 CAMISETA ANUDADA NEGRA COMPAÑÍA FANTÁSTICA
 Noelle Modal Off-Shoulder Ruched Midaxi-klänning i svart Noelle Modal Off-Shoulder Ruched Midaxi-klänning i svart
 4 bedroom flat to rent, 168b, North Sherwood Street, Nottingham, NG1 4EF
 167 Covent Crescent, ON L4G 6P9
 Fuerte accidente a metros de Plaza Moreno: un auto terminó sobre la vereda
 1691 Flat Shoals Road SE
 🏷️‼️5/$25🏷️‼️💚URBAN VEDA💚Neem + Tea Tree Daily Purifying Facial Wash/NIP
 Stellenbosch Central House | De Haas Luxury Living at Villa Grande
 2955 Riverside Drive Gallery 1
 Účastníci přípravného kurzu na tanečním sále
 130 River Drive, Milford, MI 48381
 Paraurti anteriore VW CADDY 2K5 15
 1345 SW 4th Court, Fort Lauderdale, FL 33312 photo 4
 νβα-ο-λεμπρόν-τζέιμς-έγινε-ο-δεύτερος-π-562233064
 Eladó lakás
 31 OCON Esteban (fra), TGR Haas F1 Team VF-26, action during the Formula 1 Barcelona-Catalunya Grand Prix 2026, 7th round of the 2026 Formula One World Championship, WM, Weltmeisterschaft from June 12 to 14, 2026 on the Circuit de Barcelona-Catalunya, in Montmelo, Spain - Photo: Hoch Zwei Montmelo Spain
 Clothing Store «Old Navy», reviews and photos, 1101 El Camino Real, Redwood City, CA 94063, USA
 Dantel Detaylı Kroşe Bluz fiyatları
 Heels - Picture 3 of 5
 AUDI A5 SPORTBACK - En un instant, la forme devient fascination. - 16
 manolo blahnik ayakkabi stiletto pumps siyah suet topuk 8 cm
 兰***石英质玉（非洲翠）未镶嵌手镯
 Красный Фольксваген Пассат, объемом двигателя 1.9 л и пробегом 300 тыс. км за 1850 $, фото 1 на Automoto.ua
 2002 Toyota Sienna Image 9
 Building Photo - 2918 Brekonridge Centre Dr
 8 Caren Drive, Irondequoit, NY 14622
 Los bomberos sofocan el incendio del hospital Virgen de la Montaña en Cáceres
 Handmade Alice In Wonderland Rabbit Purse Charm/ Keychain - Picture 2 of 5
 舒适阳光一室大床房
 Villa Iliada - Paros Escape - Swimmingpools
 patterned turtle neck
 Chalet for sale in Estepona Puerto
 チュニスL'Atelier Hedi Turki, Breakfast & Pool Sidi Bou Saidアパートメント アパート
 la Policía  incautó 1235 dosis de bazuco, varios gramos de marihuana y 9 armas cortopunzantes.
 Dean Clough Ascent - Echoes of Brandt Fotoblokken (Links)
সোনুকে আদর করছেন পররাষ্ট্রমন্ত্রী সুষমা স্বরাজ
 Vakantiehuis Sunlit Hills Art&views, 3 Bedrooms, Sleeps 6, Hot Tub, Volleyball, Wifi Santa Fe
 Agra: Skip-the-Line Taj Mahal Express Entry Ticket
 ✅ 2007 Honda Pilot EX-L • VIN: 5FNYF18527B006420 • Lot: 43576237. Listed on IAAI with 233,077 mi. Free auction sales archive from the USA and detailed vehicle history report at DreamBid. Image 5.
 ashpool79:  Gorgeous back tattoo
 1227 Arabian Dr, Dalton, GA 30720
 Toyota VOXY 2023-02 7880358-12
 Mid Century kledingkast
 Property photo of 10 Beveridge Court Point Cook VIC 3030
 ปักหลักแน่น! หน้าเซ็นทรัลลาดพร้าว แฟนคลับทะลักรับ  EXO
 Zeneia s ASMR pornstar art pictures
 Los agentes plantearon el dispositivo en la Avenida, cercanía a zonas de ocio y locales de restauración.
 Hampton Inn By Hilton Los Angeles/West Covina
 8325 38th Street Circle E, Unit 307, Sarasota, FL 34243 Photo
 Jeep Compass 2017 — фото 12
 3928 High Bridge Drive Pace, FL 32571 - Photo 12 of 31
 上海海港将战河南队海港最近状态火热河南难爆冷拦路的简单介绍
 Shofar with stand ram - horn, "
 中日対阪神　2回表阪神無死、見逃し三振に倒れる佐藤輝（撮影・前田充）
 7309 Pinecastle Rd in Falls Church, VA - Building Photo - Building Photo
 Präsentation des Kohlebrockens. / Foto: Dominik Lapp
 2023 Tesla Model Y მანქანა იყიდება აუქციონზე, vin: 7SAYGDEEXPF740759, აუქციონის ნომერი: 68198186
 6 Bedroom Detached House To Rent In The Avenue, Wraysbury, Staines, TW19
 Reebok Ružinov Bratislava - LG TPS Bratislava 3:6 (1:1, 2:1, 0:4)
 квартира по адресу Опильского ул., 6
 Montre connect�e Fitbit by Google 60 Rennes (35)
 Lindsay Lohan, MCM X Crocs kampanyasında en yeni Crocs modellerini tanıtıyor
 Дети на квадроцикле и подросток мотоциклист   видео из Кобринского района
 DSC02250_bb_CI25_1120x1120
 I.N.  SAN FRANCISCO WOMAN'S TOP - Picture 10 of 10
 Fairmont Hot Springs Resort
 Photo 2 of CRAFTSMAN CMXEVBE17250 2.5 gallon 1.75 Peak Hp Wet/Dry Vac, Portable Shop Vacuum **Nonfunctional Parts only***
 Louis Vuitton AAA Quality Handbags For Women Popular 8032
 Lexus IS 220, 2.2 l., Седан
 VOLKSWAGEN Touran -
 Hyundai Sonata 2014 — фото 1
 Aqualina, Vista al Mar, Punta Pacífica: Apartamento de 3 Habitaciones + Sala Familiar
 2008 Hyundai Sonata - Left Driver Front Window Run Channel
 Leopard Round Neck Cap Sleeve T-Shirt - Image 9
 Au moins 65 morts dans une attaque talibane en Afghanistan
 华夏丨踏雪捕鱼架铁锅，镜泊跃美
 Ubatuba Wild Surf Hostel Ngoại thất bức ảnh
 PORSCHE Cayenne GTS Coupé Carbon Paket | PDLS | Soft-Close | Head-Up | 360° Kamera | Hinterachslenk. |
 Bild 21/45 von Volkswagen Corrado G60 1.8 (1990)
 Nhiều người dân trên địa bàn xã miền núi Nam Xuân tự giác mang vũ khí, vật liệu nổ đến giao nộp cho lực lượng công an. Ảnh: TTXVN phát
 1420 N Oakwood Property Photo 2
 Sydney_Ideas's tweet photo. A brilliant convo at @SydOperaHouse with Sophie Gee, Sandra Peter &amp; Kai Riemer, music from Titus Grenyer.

○ ○ ○ ○

◆ **WHAT IS EXPECTED**
Search the listing above for the lines with "2008 Hyundai Sonata" and "Ubatuba Wild Surf Hostel Ngoại thất bức ảnh", then output those lines and all lines between them exactly.

◆ **SOLUTION TO THIS TASK**
 2008 Hyundai Sonata - Left Driver Front Window Run Channel
 Leopard Round Neck Cap Sleeve T-Shirt - Image 9
 Au moins 65 morts dans une attaque talibane en Afghanistan
 华夏丨踏雪捕鱼架铁锅，镜泊跃美
 Ubatuba Wild Surf Hostel Ngoại thất bức ảnh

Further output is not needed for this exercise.